Grief is a part of this journey. You can be grateful for the child you are blessed with and grieve things that will never be. There is beauty beyond the grief and grief within the beauty.

Celebration Minus Expectation

Today is a big day in the Short house. We are celebrating Emily’s 21st birthday. My Mom always made a big deal about birthdays. She always went above and beyond to help us kids feel special on our day. When I had kids, I wanted to do the same. It was a tradition I wanted to continue. I wish I could say I have done it gracefully and seamlessly.

As Emily grew and missed the age-appropriate milestones, I struggled. Each year that passed was a reminder of what she could not do and that she was different. I would be sad on her birthday and go to a dark place in my head about them. I did not approach the day she was born with joy and gratitude.

As Emily got older and her behaviors were not as easy to manage in social situations, invitations to parties from her peers dwindled. I took it personally. First, her developmental delays stole the joy of her birthday celebration. Now, I was no longer able to celebrate her typical peers’ birthdays either. In my mind, it was big, emotional, and full of drama.

Family and friends showered Justin with gifts, cards, and phone calls to recognize his birthday. Those same people did not take the time to do the same for Emily. My heart would hurt for her. I made it mean they did not value her or care. Wow, talk about adding a dose of optional suffering into some busted thoughts!

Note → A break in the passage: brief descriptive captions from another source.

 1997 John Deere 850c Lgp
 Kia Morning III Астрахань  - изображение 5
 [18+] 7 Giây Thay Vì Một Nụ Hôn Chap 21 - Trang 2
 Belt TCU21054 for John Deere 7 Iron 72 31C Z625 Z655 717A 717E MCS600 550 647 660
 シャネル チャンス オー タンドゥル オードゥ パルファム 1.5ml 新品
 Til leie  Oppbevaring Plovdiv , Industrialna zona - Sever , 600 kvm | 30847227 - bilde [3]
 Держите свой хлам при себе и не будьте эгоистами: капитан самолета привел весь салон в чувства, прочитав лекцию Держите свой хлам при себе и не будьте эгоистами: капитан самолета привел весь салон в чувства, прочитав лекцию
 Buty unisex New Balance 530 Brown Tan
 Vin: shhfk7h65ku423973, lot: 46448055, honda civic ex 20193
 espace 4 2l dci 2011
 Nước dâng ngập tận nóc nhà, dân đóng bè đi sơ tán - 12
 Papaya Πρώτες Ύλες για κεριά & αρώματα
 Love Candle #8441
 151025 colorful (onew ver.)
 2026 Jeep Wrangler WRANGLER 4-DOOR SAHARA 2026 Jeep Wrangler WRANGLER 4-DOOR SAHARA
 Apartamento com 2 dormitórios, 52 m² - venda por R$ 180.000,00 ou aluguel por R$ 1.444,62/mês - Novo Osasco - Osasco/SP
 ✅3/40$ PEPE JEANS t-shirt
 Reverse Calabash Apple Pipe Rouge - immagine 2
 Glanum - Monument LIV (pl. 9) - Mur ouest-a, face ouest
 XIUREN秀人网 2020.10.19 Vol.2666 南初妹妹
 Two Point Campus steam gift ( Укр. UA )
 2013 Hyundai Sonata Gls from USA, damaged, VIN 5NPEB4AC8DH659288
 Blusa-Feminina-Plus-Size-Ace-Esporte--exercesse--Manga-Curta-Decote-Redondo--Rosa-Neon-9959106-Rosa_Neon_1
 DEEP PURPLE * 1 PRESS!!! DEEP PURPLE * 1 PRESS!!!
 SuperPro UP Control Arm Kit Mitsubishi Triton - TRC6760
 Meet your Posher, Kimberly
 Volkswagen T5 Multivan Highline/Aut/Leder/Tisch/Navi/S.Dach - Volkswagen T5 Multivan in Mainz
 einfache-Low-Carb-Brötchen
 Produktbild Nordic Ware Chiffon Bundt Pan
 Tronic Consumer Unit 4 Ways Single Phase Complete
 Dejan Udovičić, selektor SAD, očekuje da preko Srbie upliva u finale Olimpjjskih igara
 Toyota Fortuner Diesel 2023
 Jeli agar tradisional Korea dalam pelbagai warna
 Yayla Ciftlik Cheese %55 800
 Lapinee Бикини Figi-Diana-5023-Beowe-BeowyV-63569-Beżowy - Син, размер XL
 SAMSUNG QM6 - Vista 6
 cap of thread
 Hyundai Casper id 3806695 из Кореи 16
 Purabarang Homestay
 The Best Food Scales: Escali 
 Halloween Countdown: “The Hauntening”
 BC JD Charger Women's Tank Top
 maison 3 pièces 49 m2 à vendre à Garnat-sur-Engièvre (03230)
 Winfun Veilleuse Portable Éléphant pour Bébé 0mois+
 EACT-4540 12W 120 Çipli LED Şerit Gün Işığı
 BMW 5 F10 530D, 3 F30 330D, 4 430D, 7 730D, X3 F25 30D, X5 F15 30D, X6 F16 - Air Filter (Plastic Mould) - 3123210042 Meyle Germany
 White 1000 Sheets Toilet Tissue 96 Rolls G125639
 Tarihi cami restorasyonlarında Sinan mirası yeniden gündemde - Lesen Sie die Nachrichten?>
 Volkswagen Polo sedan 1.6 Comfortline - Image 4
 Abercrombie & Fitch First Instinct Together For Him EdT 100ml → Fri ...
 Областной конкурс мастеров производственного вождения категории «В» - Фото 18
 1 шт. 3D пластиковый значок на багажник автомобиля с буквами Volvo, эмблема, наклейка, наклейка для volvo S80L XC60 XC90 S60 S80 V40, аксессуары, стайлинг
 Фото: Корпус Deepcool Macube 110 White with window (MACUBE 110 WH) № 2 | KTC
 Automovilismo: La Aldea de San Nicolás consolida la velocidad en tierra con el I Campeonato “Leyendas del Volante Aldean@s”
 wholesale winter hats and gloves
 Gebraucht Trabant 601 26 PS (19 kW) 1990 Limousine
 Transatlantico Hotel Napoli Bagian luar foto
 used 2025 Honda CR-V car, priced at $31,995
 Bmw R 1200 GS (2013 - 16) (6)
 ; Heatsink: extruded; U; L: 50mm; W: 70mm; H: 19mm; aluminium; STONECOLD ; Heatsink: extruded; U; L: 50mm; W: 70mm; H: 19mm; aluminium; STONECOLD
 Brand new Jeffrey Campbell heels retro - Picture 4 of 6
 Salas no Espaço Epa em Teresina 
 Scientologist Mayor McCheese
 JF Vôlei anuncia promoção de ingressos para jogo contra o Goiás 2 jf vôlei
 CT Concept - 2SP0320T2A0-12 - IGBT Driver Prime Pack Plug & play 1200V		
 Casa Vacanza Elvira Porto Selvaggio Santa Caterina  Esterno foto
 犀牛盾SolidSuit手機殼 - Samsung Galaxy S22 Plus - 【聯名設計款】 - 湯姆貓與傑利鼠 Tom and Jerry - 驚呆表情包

Emily does not comprehend the concept of her birthday. She is not counting cards, calls, or texts. The drama had nothing to do with Emily and everything to do with me. Over the last few years, I have learned to release my expectations of other people. I threw away the manual on milestones and expectations for Emily’s progress and achievements. I started to practice acceptance and release control. Once I did that, I was able to create more joy every day and extra on birthdays.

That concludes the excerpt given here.